In August of 2012 the online education company, Coursera, had drawn in a million users, a faster launching than either Facebook or Twitter. Coursera offers free college courses, all of which are taught by faculty members from 33 universities around the country. In less than a year, Coursera has attracted $22 million in venture capital and has created a ton of buzz. The co-founders, computer science professors at Stanford University, watched with amazement as enrollment passed two million last month, with 70,000 new students a week signing up for over 200 courses, including Human-Computer Interaction, Songwriting and Gamification.  
Other approaches to online courses are emerging as well. Universities nationwide are increasing their online offerings, hoping to attract students around the world. New ventures like Udemy help individual professors put their courses online. Harvard and the Massachusetts Institute of Technology have each provided $30 million to create edX. Another Stanford spinoff, Udacity, has attracted more than a million students to its menu of massive open online courses, or MOOCs, along with $15 million in financing. All of this could well add up to the future of higher education — if anyone can figure out how to make money.
Coursera has grown at warp speed to emerge as the current leader of the pack, striving to support its business by creating revenue streams through licensing, certification fees and recruitment data provided to employers, among other efforts. But there is no guarantee that it will keep its position in the exploding education technology marketplace. For their part, Ms. Koller and Mr. Ng proclaim a desire to keep courses freely available to poor students worldwide. Education, they have said repeatedly, should be a right, not a privilege. And even their venture backers say profits can wait.

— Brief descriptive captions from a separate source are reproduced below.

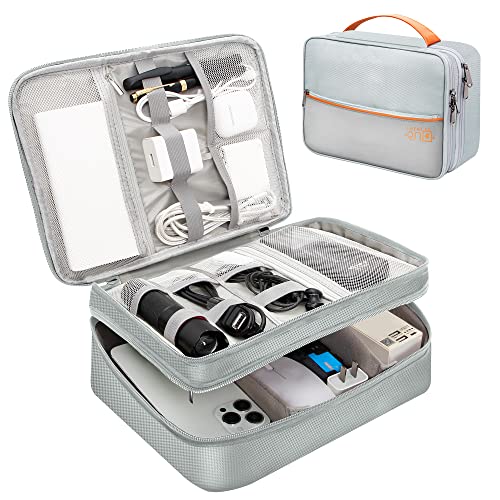 SELLYFELLY Electronics Travel Organizer, Double Layer Cable Organizer Bag Watreproof Electronics Accessories Storage Bag for Cord, Charger, Phone, Power Bank, Hard Drive - color: Double-Gray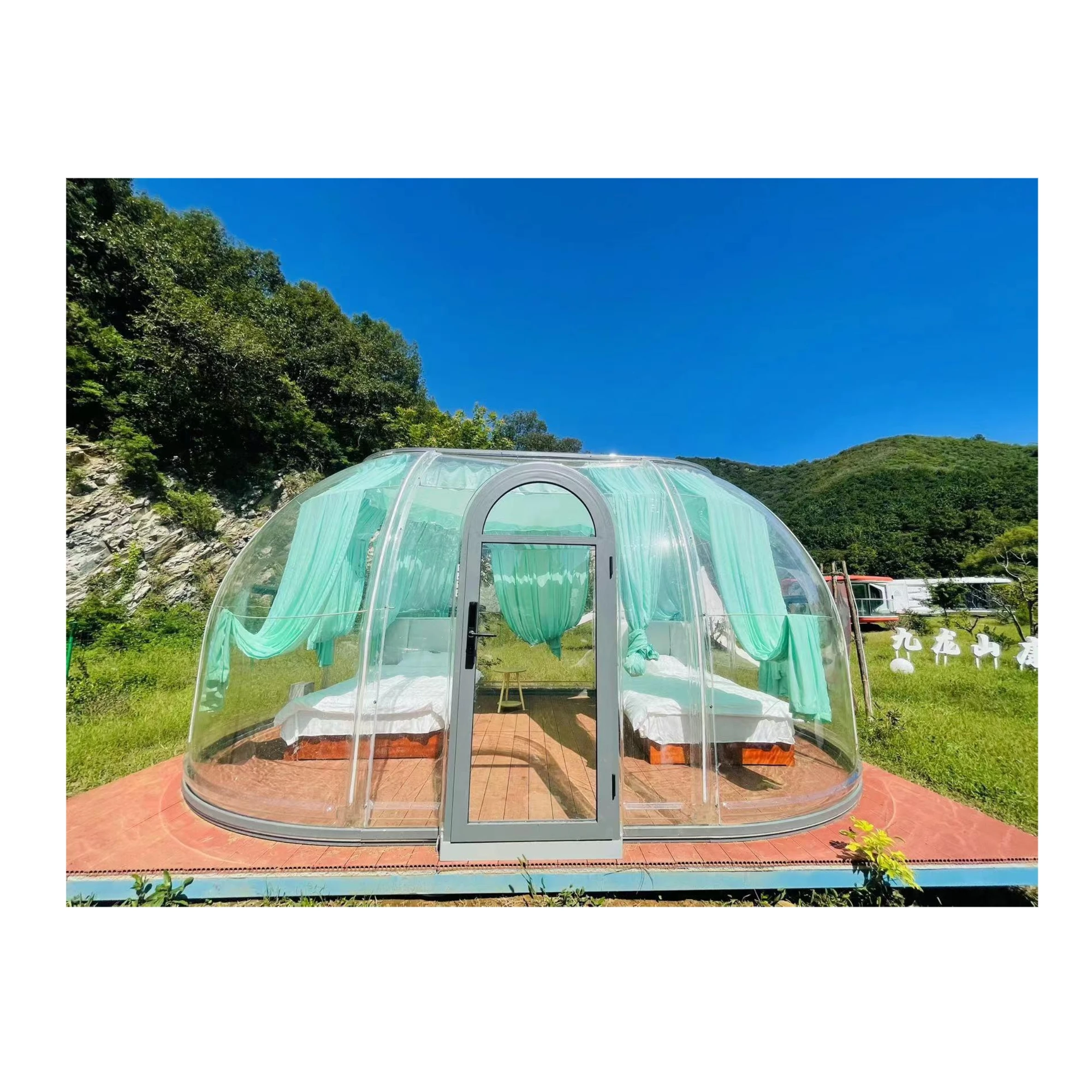fully transparent Transparent Polycarbonate Plastic Tent camping area Hotel Bubble Room Dome House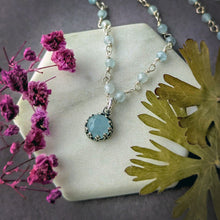 Load image into Gallery viewer, Romantic Aquamarine Pendant Necklace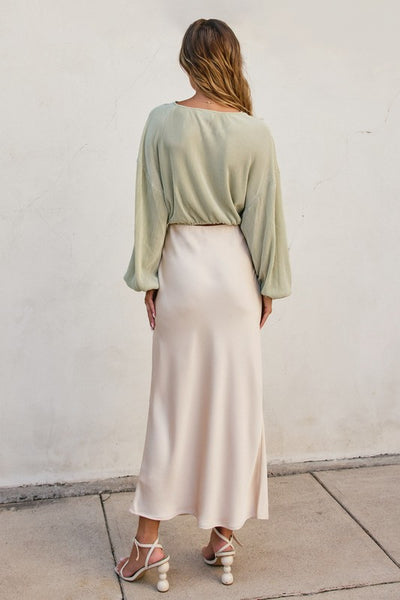 Going Out Satin Maxi Skirt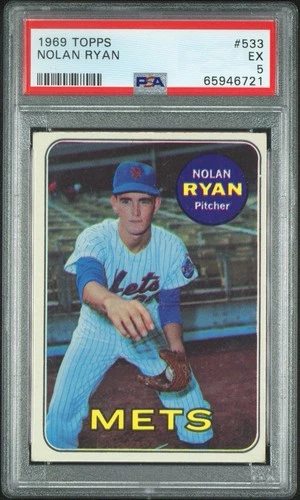 1969 Topps #533 Nolan Ryan PSA 5 Iconic First Solo card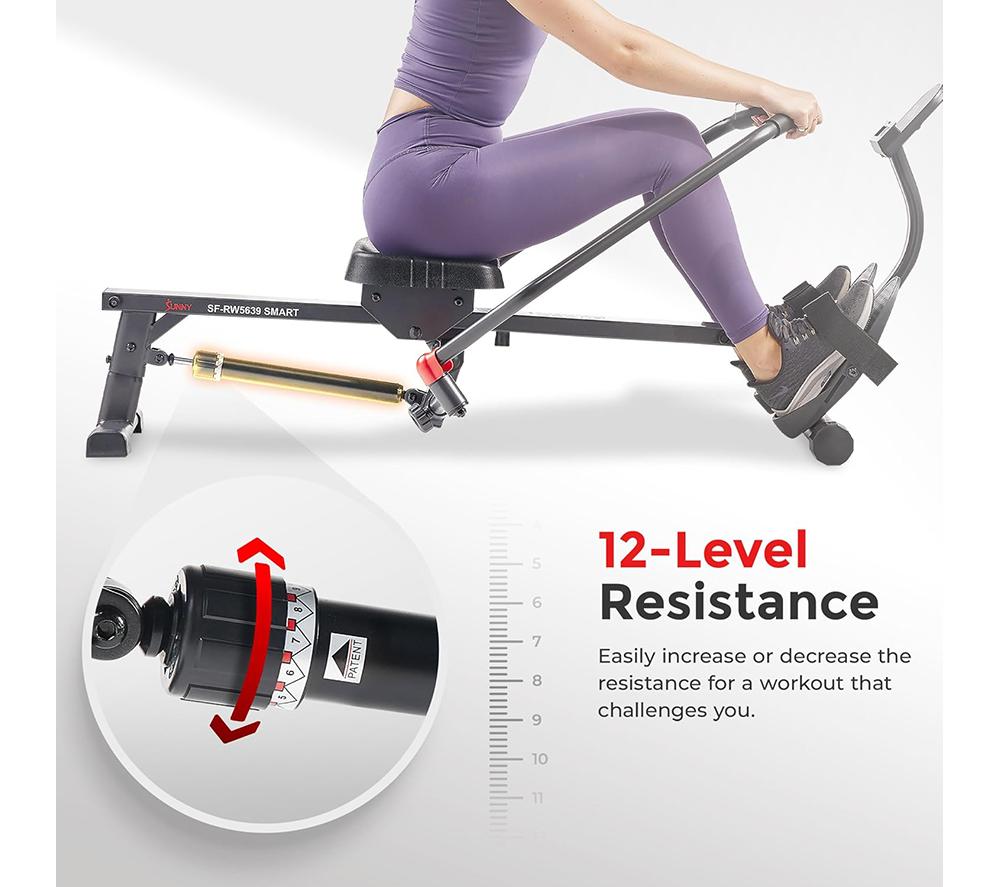 SUNNY HEALTH Smart Compact Full Motion Rowing Machine - Black & Red image number 6 of 11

Right now, the most promising source of revenue for Coursera is the payment of licensing fees from other educational institutions that want to use the Coursera classes, either as a ready-made “course in a box” or as video lectures students can watch before going to class to work with a faculty member.
While there is currently no profit stemming from these online education ventures, the future is still looking bright ahead. Expect to see this trend become the norm.